(Source data)
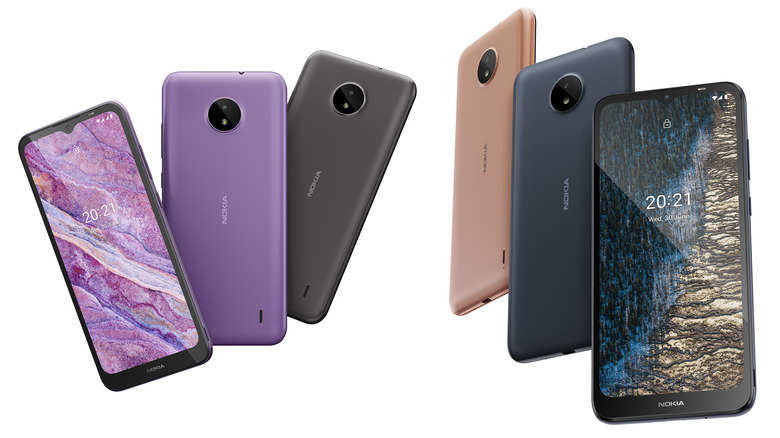 The Nokia C10 (left) and C20 (right) both run Android 11 Go.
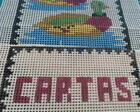 Tela para bordar em talagarça TN-05 - 64 x 34 cm - Artesanato e Personalizados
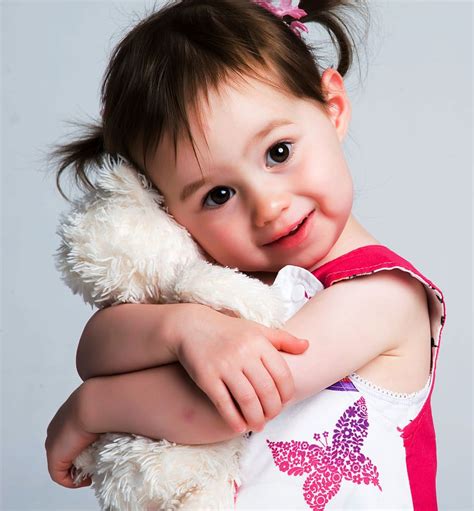 Girl Hugging Plush Toy Adorable Baby Child Cute Piqsels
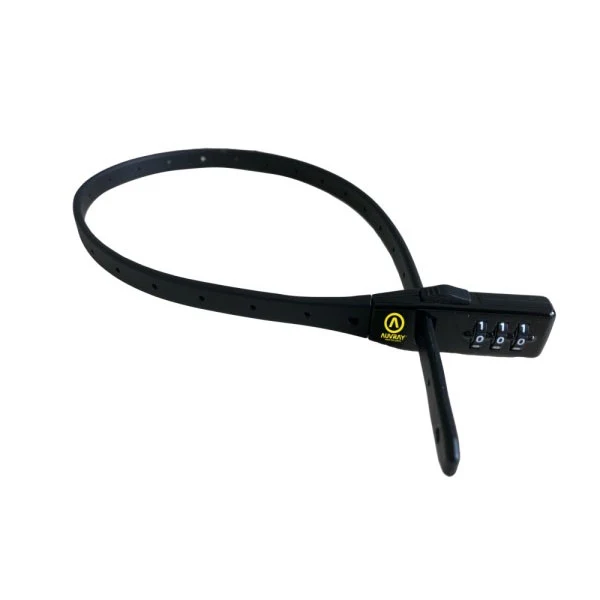 Antivol câble Auvray Flexilock – 50 cm, combinaison 3 chiffres, âme en acier, protection accessoires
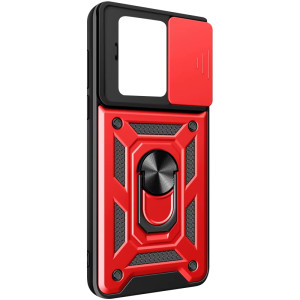 Чохол Ummi Camshield Serge Ring для Xiaomi 13T / 13T Pro – Червоний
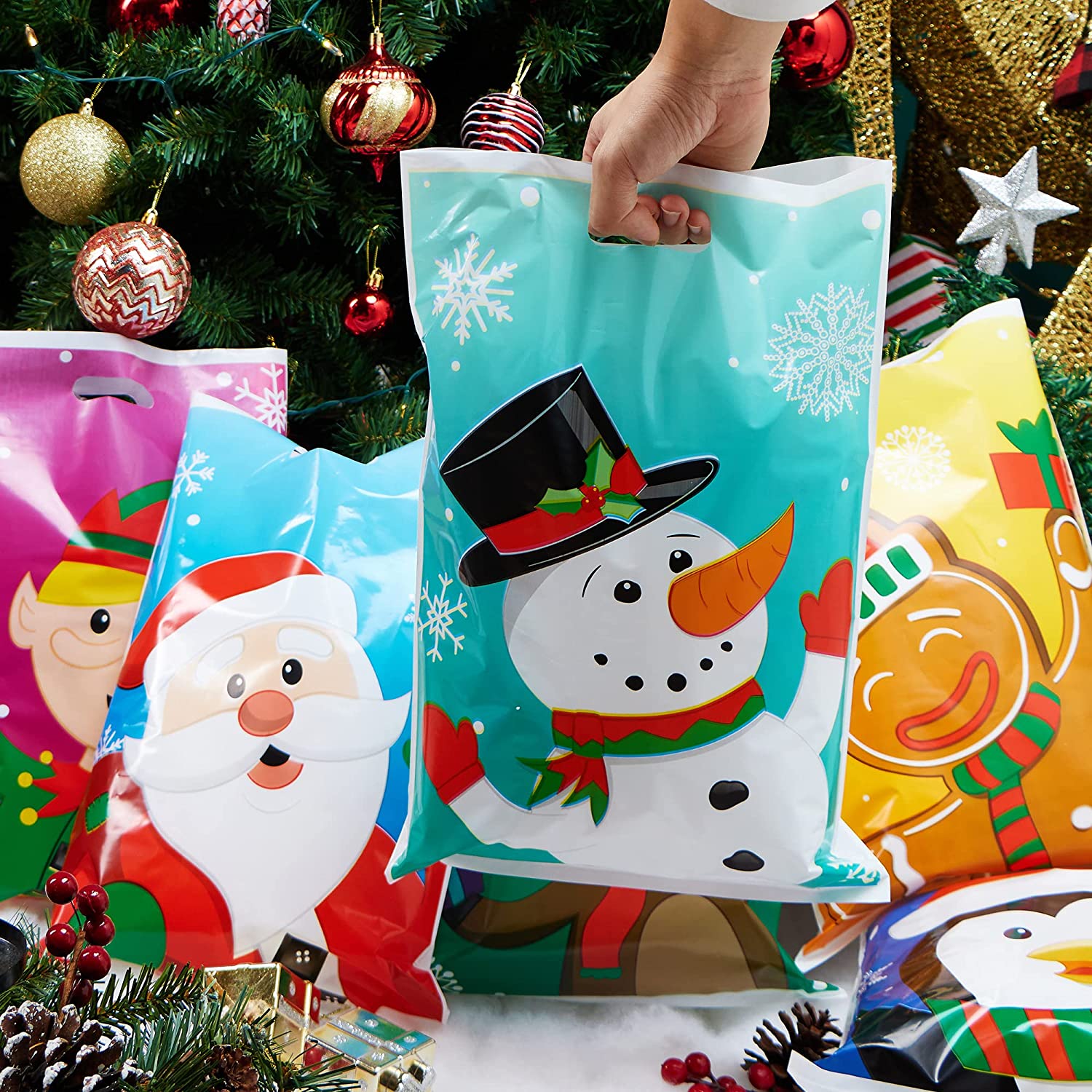 72 Piece Christmas Holiday Bags - Image 8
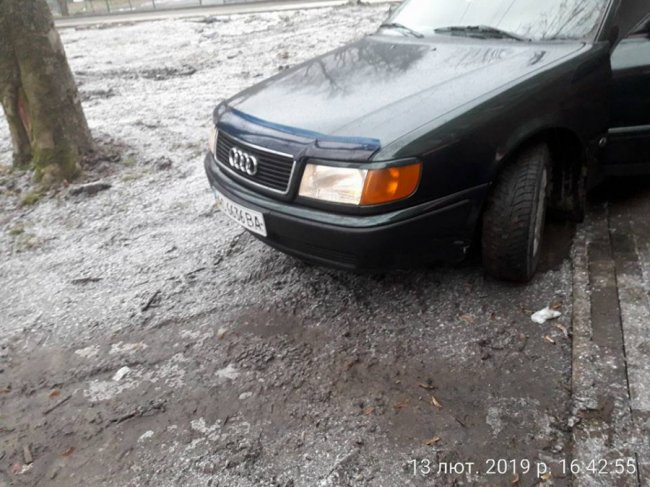 Луцькі муніципали прославили героя паркування. ФОТО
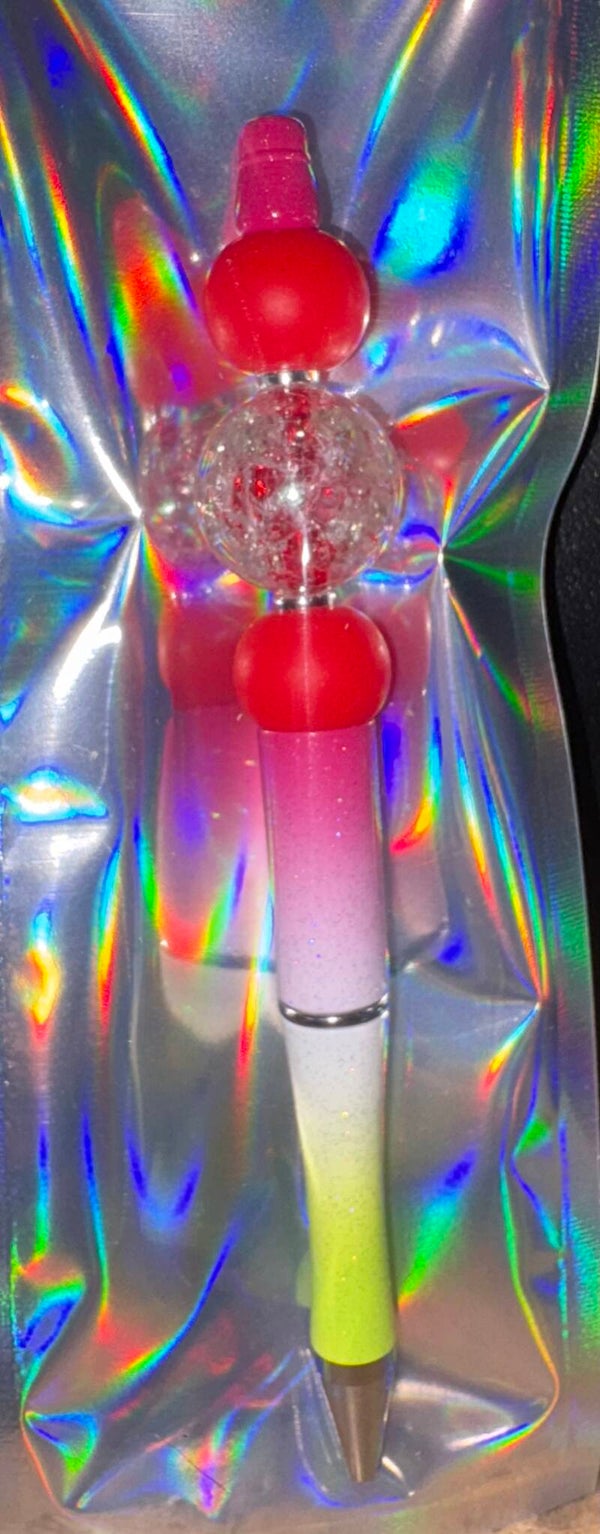 Beaded pen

> _DIRECTIONS FOR THIS TASK_
From the line that contains "Antivol câble Auvray" to the last line of the records above, copy each line exactly, both ends included, and leave the pictures out.

> _ANSWER TO THIS PROBLEM_
 Antivol câble Auvray Flexilock – 50 cm, combinaison 3 chiffres, âme en acier, protection accessoires
 Чохол Ummi Camshield Serge Ring для Xiaomi 13T / 13T Pro – Червоний
 72 Piece Christmas Holiday Bags - Image 8
 Луцькі муніципали прославили героя паркування. ФОТО
 Beaded pen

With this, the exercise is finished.